Merchant Ship Hit by Naval Mine in Southern Red Sea
A merchant vessel has been hit by a sea mine in the southern Red Sea, Saudi state-owned outlet Al-Ekhbariya reported on Friday.
The outlet attributed the report to the Saudi-led coalition fighting Houthi rebel forces in Yemen, and asserted that the mine was deployed by Houthi militias. The ship sustained minor damage and no crewmembers were injured according to the coalition. No further details were provided.
Houthi forces have made regular use of improvised sea mines and remote-controlled "bomb boats" over the course of their long-running conflict with Saudi-led forces. Historically, Houthi-claimed attacks centered on Saudi merchant shipping and coalition naval vessels, including a successful bomb boat strike on the frigate Al-Madinah in 2017. However, multiple recent attacks on non-Saudi shipping at ports in the central Red Sea and the Gulf of Aden have raised the possibility that Houthi forces have expanded their range and portfolio of targets. Saudi forces have attributed these attacks to Houthi rebels.
Some strikes may be unintended collateral damage. In February 2020, the U.S. Maritime Administration warned of a threat of drifting mines near the maritime border between Yemen and Saudi Arabia, in the area between Midi and Jizan. MARAD suggested that the mines may have drifted north - away from their intended target zone - due to a seasonal change of current flow.
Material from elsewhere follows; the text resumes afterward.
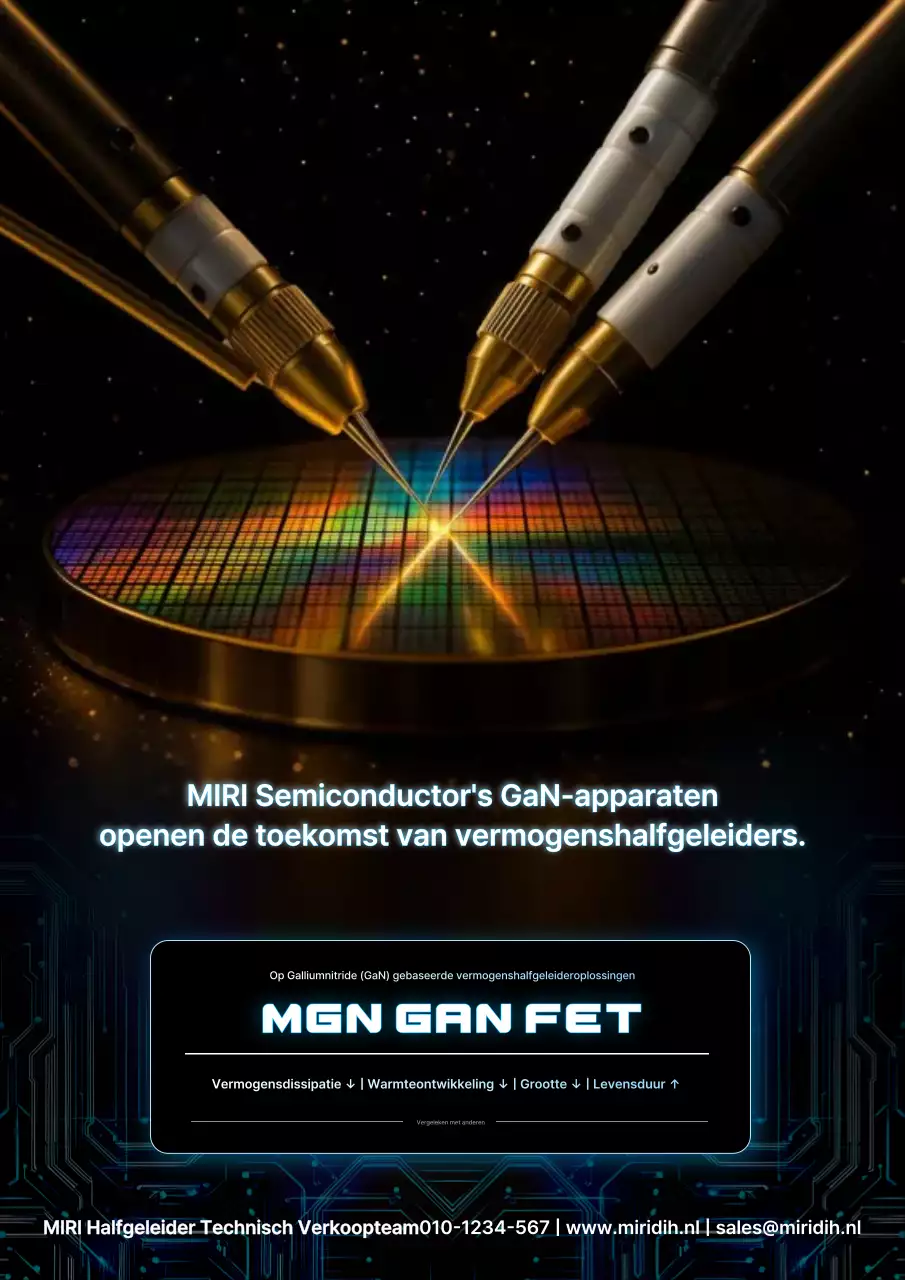 Zwarte moderne tech-advertentie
This threat is not isolated to combatant vessels: that month, the Saudi coalition reported that an Egyptian fishing vessel was sunk by a naval mine in the Red Sea, resulting in the loss of three lives.
"The . . . Houthi militia’s continuation of planting and deploying naval mines is a serious threat to maritime navigation and international trade in south of Red Sea and Bab el-Mandeb Strait," said Saudi spokesman Col. Turki al-Malki in a statement in February. "The coalition will carry on its efforts to neutralize maritime and naval mine threats."